Look, dear thief, if you’re fucking desperate for money you can fucking just tell me straight in my face and I can help you look for some quick fucking cash that you can bring home and fuck with it all you like fucker. You just caused me fucking alot of inconvenience. You should go get a fucking life of your own and go slog the fuck out like everyone else is instead of slothing the fuck out at home and when you need some cash you just fucking steal some. Fuck you. If I see you with my bike I’m gonna fucking kill you! I took my off today so that I could go to BBDC to finish up my final theory stuff and here you go stealing my bike. I left it there for only 3 1/2hrs! You mean you actually steal bikes in the fucking daylight? Fuck. You’re fucking mad. And if everyone around just fucking let you do it, then I guess society must be seriously fucked up.

No one likes their stuff stolen. Check out Bruce Wayne. He had his parent’s life taken away right before his eyes. He wanted revenge on the evil of Gotham City. He became Batman. Check him out in the upcoming Batman Begins. My point being, it just isn’t cool. So that fucker out there who’d probably disassembled my bike and fixed the cool stuff on your bike and sold away the rest of the parts for some fucking spare cash, you’re fucking uncool and you’re fucked if the police catch you. You made me walk fucking 1km to and back from the police station under the sweltering fuck heat of the sun and wasted 1 hr of my fucking time and you took away my primary means of transport to the sports complex and any other nearby vicinity and for that I fucking curse you! Yes, I am fucking angry that you took 230bucks away from me and the bike was less than a month old.

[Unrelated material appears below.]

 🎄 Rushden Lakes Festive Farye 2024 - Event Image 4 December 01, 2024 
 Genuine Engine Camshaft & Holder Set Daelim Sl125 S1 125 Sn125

Yes I fucking curse you. You’re probably gonna end up in some fucking accident and lose your fucking leg. I know this is evil but not illegal cause you do not get caught for cursing people. You’ll lose your fucking leg so you won’t be able to steal anymore. You’ll lose your fucking leg so you know what it’s fucking like to have something taken away from you. You, fucker, are gonna suffer.

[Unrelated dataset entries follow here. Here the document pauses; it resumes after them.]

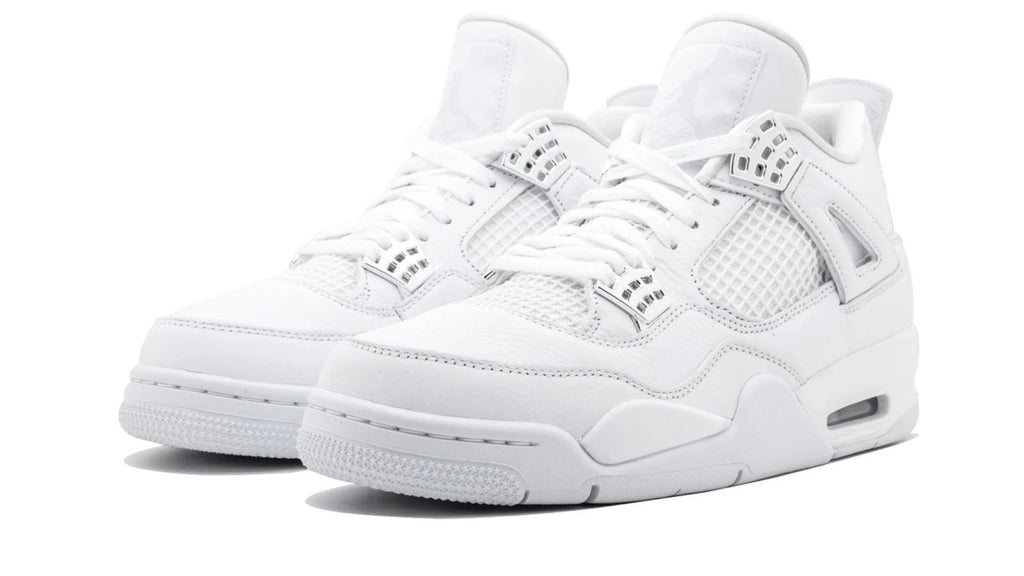 Air Jordan 4 Retro "Pure Money" 308497-100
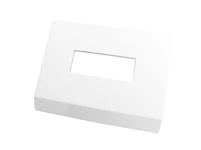 MONTERINGSBRIKKE 1XDUPLEX SC MP-U176V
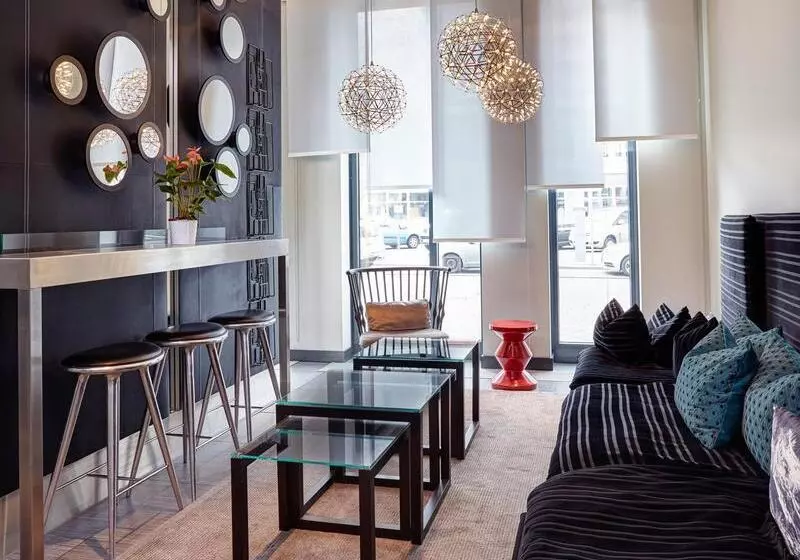 Fotos del hotel Premier Inn Berlin Alexanderplatz:  19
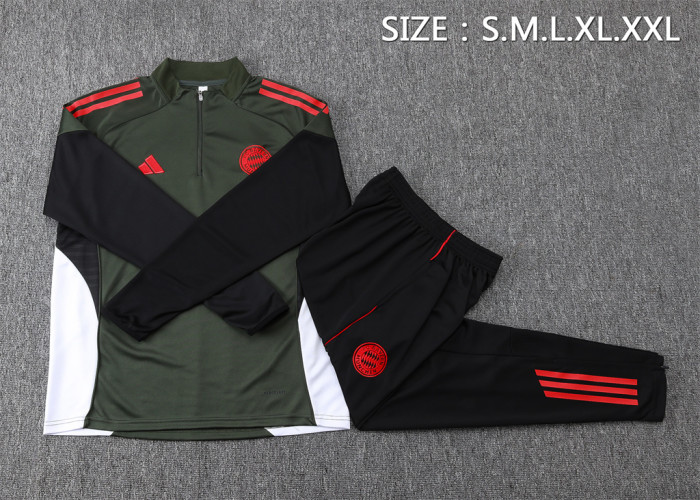 Bayern Munich Training Jersey Suit 25/26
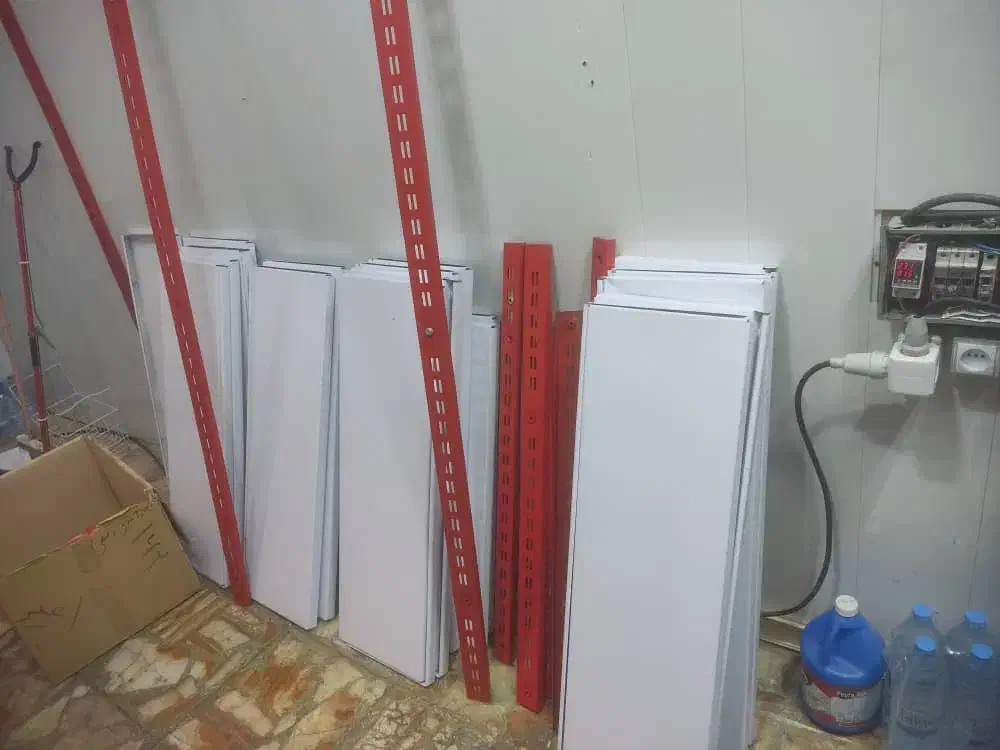 وسایل سوپر مارکت استند سیگار|فروشگاه و مغازه|شیراز, گچی|دیوار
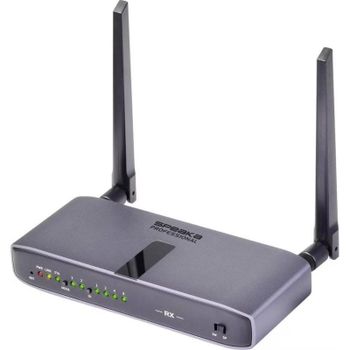 Switch HDMI inalámbrico SpeaKa Professional SP-9349988 Full HD IR USB-A RX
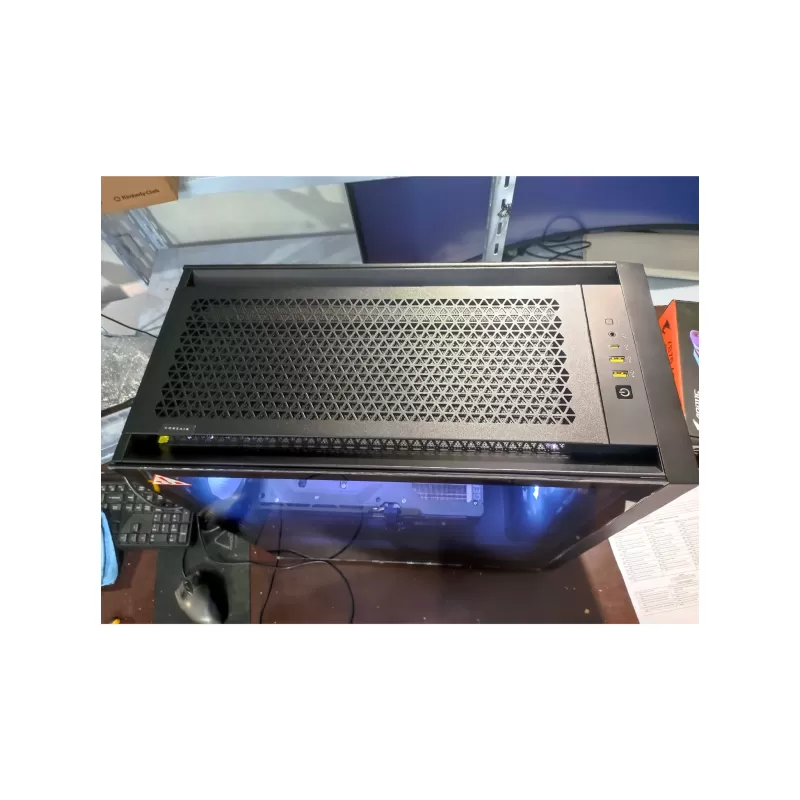 Pro Gaming PC - AMD Ryzen 7 9800X3D + RTX 5090 32GB VRAM + 64GB RAM - G-PRO-906 Pro Gaming PC - AMD Ryzen 7 9800X3D + RTX 5090 32GB VRAM + 64GB RAM - G-PRO-906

*breathes in, breathes out* Fuck. I won’t feel bad about this. Don’t think about crying to me if it really happens. Cause you probably didn’t care when you fucking took my bike too. I’m sorry it has to be this way. But you’re fucked.

And yeah, guys, it’s a Black HASA bicycle with some red all over it. 21speed with front suspension and the seat is black with red on both sides. If you see it, please call 999 and report the police cause I’ve already done a report and they’ll be looking out even thought hopes of getting it back are… extremely low. And another thing. Do not use cable lock like I did. Get a big big chain or something. Vintage, retro, old style but still the best. Like they always say, jiang hai shi lao de la. (Old ginger will always be spicier than new ones)

Yeah. Not in the mood to talk about the superb House Rep outing. Maybe later tonight when I’ve finally come to terms with the loss of my bicycle.


June 5, 2005 - Posted by | Uncategorized


  1. u noe, they say two heads are better den one..i assume two curses are more evil den one.. here goes:


    there. may the curse be wif u.
    & another thing.
    dun leave ya bike unattended ever again.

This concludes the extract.